- Created by: Franklin Heller
- Written by: Charles MacArthur (play) Ben Hecht (play) Alvin Saplinsley
- Starring: John Daly Mark Roberts Richard Boone Curt Conway Janet Shaw
- Country of origin: United States
- No. of seasons: 1
- No. of episodes: 18

Production
- Running time: 30 minutes

Original release
- Network: CBS Television
- Release: September 29, 1949 – January 26, 1950

= The Front Page (TV series) =

American newspaper drama TV series (1949–1950)

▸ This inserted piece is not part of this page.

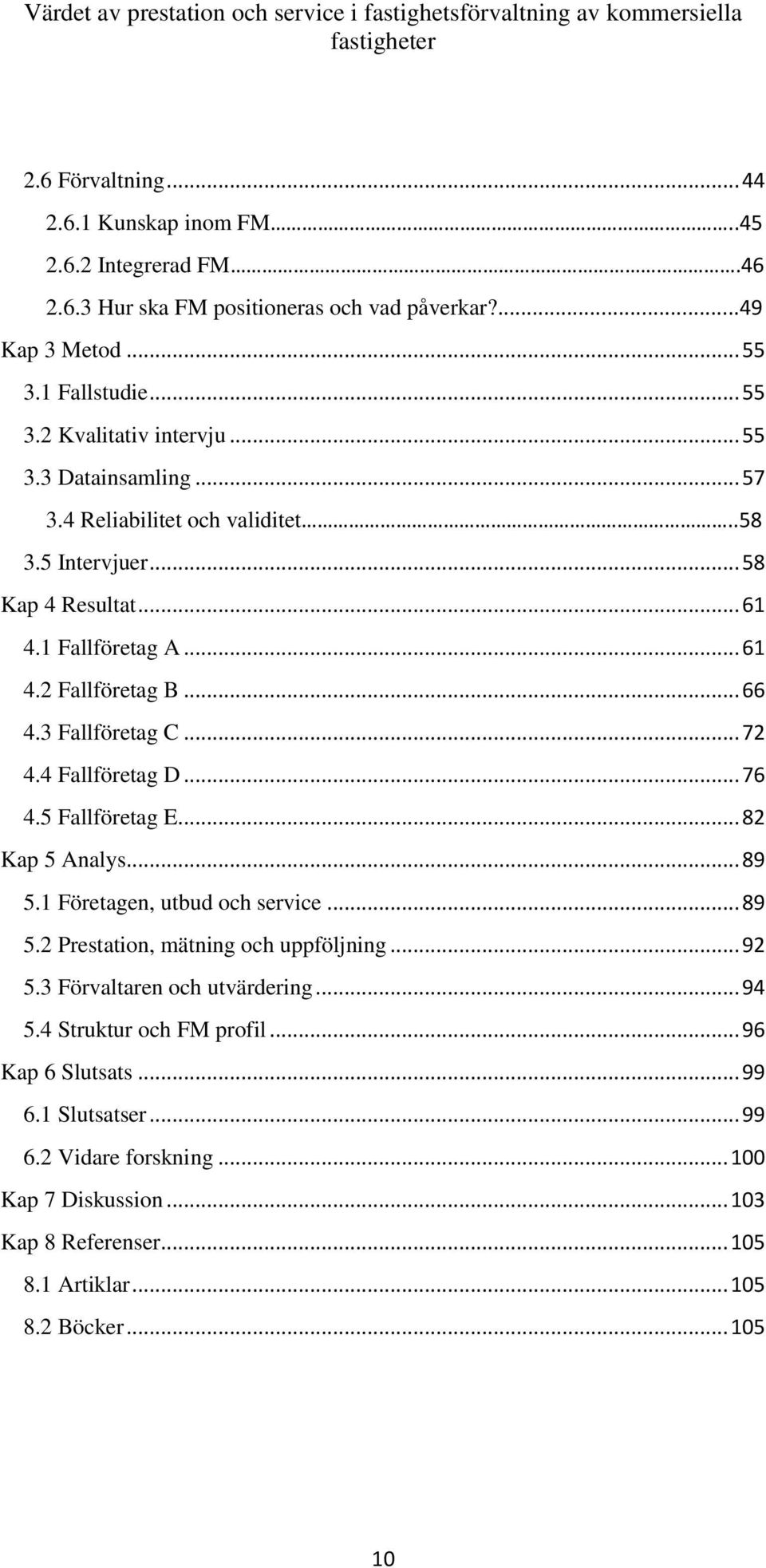 4 Fallföretag D... 76 4.5 Fallföretag E... 82 Kap 5 Analys... 89 5.1 Företagen, utbud och service... 89 5.2 Prestation, mätning och uppföljning... 92 5.3 Förvaltaren och utvärdering.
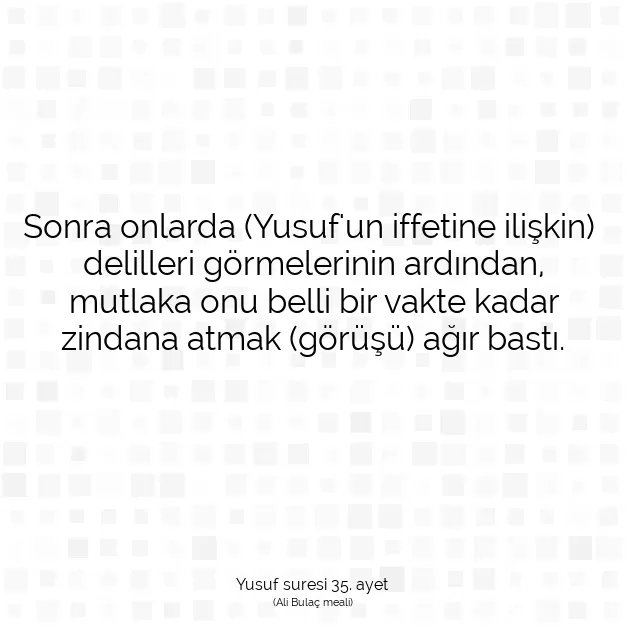 Ayetbul | Kuran Mealleri | Quran | Yusuf suresi 35. ayet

The Front Page is an American newspaper drama television series, broadcast on CBS beginning September 29, 1949, and ending on January 26, 1950. The stars were John Daly and Mark Roberts, with Richard Boone, Curt Conway and Janet Shaw. The live 30-minute show, based on the 1928 play The Front Page by Charles MacArthur and Ben Hecht, aired Thursdays at 8pm ET.

==Premise==
The series revolved around editor Walter Burns and his star reporter Hildy Johnson.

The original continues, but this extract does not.